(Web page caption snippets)
══════════

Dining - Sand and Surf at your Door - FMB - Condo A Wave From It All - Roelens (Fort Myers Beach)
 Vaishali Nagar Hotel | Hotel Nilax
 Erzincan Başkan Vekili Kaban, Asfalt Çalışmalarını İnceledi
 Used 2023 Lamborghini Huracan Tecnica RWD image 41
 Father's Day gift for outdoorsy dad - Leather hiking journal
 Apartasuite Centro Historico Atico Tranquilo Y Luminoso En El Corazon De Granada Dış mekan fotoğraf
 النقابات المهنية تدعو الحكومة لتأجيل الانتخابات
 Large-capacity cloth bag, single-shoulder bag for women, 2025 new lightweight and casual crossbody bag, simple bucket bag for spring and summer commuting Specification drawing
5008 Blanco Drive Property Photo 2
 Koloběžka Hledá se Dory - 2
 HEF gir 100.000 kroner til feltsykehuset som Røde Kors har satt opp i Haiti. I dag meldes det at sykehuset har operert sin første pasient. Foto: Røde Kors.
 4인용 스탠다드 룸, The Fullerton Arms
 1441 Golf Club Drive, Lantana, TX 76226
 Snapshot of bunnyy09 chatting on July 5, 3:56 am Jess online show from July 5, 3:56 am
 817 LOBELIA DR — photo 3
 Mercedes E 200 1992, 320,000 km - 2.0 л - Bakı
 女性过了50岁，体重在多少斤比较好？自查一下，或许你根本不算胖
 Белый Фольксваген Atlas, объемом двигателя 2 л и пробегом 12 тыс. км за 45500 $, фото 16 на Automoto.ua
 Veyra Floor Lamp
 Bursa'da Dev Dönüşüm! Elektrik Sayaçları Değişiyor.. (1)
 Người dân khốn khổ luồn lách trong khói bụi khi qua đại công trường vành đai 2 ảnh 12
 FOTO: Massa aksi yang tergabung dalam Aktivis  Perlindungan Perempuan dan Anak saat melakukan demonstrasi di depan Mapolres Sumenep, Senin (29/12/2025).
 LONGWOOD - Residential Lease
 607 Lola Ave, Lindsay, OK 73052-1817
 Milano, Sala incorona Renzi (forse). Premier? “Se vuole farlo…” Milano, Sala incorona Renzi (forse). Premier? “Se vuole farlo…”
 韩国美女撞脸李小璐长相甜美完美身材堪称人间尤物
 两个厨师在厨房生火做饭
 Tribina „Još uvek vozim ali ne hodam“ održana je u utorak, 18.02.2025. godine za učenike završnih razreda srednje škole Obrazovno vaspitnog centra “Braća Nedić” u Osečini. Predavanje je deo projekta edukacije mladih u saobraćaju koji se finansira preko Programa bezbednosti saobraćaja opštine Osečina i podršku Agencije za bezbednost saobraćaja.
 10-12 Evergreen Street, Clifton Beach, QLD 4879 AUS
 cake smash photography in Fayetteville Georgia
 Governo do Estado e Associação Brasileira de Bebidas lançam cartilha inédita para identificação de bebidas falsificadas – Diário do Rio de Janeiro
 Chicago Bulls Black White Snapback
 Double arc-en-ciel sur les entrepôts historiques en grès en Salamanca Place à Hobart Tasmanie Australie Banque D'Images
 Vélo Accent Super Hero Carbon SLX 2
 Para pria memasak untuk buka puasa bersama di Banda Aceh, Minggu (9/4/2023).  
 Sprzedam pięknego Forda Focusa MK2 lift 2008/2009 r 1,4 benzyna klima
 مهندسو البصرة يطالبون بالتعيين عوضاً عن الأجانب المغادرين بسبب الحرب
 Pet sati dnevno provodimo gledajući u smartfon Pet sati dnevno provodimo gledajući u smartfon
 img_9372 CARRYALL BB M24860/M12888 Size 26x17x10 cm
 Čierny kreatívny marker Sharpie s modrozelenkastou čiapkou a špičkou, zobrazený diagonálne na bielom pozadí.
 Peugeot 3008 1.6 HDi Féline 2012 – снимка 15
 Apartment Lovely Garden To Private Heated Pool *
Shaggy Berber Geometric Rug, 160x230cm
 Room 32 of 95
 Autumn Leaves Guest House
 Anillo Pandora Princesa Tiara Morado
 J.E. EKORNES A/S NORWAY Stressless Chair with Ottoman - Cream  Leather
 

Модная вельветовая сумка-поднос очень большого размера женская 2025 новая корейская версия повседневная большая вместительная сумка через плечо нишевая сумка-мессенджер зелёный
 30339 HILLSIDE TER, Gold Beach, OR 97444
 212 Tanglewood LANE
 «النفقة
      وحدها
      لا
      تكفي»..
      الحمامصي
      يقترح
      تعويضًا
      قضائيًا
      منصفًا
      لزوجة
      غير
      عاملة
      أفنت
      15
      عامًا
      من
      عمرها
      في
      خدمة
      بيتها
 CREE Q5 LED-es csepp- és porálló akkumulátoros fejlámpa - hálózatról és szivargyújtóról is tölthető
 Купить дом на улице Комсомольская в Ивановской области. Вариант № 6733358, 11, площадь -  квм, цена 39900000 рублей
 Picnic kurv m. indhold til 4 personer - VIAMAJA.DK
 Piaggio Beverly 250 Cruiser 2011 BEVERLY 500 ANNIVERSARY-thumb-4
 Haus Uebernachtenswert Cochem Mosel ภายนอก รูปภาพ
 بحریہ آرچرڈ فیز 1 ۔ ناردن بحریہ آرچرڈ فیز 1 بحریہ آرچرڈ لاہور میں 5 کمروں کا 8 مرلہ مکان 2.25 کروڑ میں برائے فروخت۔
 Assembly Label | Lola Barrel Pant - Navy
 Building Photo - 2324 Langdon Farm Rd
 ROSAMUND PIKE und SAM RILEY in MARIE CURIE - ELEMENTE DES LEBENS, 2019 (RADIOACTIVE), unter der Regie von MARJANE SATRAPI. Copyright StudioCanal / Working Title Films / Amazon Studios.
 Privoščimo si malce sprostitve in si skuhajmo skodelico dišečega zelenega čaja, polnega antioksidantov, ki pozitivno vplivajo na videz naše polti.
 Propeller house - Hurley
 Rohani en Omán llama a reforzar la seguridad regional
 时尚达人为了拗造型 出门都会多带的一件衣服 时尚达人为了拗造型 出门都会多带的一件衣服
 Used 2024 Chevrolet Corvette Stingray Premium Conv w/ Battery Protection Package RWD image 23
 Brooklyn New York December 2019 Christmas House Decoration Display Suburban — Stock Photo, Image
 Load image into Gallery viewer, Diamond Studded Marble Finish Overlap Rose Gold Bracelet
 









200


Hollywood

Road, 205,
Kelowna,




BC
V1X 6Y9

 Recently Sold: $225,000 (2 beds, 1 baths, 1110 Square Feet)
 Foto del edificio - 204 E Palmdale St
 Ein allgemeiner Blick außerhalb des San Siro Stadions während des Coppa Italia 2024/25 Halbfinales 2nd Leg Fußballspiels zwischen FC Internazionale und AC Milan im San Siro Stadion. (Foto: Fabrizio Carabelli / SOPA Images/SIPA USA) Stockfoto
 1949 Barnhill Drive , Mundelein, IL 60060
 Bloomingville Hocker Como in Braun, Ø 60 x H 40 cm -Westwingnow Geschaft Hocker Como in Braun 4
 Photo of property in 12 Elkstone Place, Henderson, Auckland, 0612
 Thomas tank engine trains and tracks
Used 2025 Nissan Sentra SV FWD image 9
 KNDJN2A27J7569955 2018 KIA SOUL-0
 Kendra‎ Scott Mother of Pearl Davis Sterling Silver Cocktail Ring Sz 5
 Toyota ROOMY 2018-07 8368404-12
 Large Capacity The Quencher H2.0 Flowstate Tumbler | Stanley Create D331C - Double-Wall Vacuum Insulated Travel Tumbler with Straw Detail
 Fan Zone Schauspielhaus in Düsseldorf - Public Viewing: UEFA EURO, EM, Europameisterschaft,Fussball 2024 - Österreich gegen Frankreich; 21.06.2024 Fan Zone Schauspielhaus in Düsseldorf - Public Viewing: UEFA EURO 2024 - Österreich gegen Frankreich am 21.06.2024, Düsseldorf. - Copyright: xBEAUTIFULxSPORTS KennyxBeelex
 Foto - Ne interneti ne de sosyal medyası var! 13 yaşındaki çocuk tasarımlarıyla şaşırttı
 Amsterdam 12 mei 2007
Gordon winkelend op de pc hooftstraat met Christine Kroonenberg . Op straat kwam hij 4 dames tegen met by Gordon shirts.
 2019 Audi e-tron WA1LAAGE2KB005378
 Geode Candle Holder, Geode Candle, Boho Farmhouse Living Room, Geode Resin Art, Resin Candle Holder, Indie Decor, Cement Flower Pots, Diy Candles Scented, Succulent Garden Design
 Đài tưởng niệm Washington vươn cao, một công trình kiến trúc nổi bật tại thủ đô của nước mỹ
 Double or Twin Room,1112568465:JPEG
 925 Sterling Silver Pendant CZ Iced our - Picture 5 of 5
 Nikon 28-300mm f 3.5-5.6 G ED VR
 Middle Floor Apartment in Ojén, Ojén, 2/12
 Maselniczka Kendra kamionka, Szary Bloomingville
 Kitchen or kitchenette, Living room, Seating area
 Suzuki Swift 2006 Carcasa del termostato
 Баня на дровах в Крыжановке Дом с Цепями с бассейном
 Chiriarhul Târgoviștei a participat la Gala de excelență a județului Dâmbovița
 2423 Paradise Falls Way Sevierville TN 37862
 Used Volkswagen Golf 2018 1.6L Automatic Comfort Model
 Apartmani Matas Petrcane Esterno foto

══════════

## Work item:
All lines above between those holding "Kendra‎ Scott Mother" and "Geode Candle Holder, Geode", inclusive, must be set down unchanged, and no other line may be included.

## Written response:
 Kendra‎ Scott Mother of Pearl Davis Sterling Silver Cocktail Ring Sz 5
 Toyota ROOMY 2018-07 8368404-12
 Large Capacity The Quencher H2.0 Flowstate Tumbler | Stanley Create D331C - Double-Wall Vacuum Insulated Travel Tumbler with Straw Detail
 Fan Zone Schauspielhaus in Düsseldorf - Public Viewing: UEFA EURO, EM, Europameisterschaft,Fussball 2024 - Österreich gegen Frankreich; 21.06.2024 Fan Zone Schauspielhaus in Düsseldorf - Public Viewing: UEFA EURO 2024 - Österreich gegen Frankreich am 21.06.2024, Düsseldorf. - Copyright: xBEAUTIFULxSPORTS KennyxBeelex
 Foto - Ne interneti ne de sosyal medyası var! 13 yaşındaki çocuk tasarımlarıyla şaşırttı
 Amsterdam 12 mei 2007
Gordon winkelend op de pc hooftstraat met Christine Kroonenberg . Op straat kwam hij 4 dames tegen met by Gordon shirts.
 2019 Audi e-tron WA1LAAGE2KB005378
 Geode Candle Holder, Geode Candle, Boho Farmhouse Living Room, Geode Resin Art, Resin Candle Holder, Indie Decor, Cement Flower Pots, Diy Candles Scented, Succulent Garden Design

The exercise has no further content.